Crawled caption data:
⟨

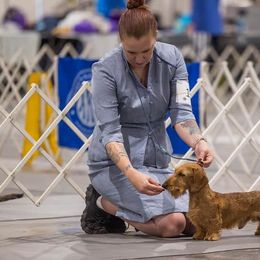 Dachshunds and Giant Schnauzers from Above Par Kennels
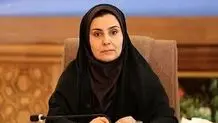 فرشاد ابراهیم‌پور، موافق: خانم صادق فقط سه سال دبیر شورای شهرسازی بوده است/ آیا رواست تمام مشکلات زمین و مسکن را گردن ایشان بیندازید؟/ ویدیو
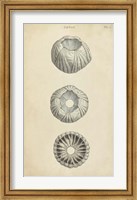 Cylindrical Shells I Fine Art Print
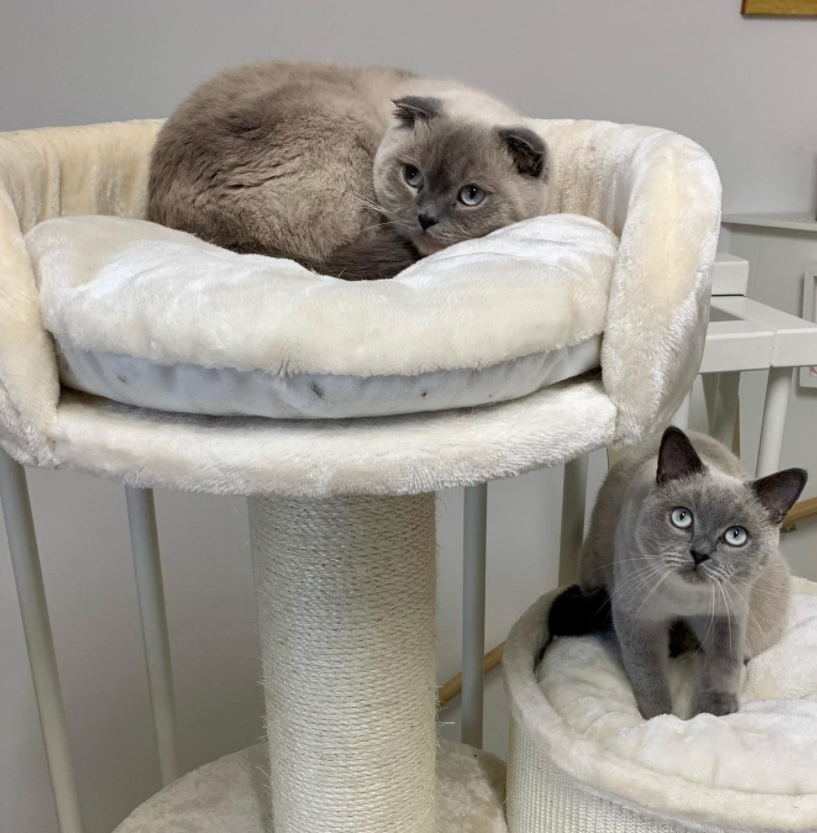 Scratching sales post cattery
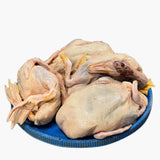 Beijing Duck / বেইজিং হাস ( 2.50 - 3.00 KG Dressed )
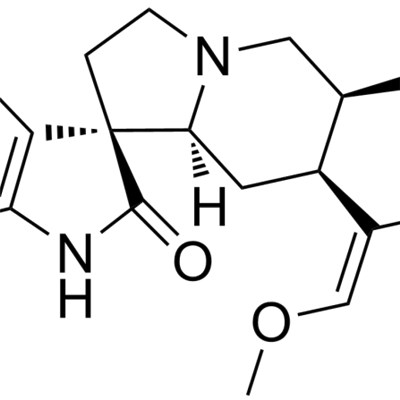 Corynoxine B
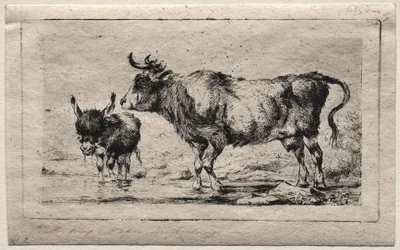 Cow and Ass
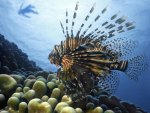 lionfish in the pacific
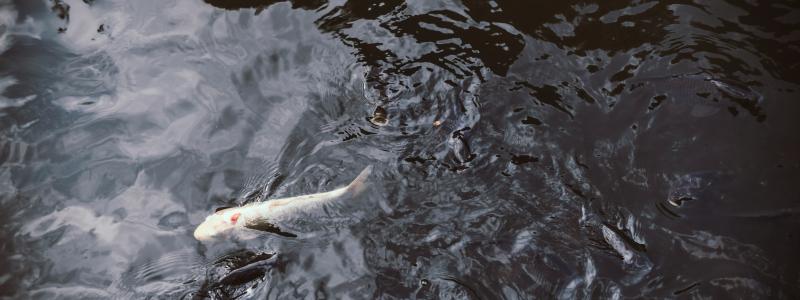 Genrebild. Foto: Redd Francisco/Unsplash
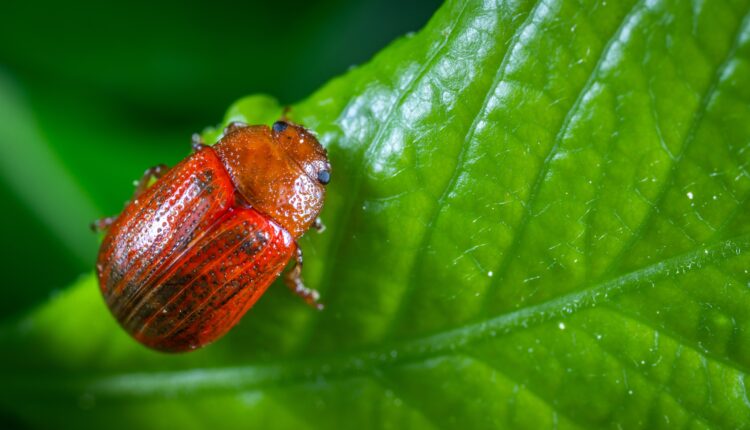 Bugs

⟩

What the task requires:
Every line from the one holding "Scratching sales post cattery" through the last line of the entries above, and nothing else, is to be restated word for word. Pictures stay out.

Exercise answer:
 Scratching sales post cattery
 Beijing Duck / বেইজিং হাস ( 2.50 - 3.00 KG Dressed )
 Corynoxine B
 Cow and Ass
 lionfish in the pacific
 Genrebild. Foto: Redd Francisco/Unsplash
 Bugs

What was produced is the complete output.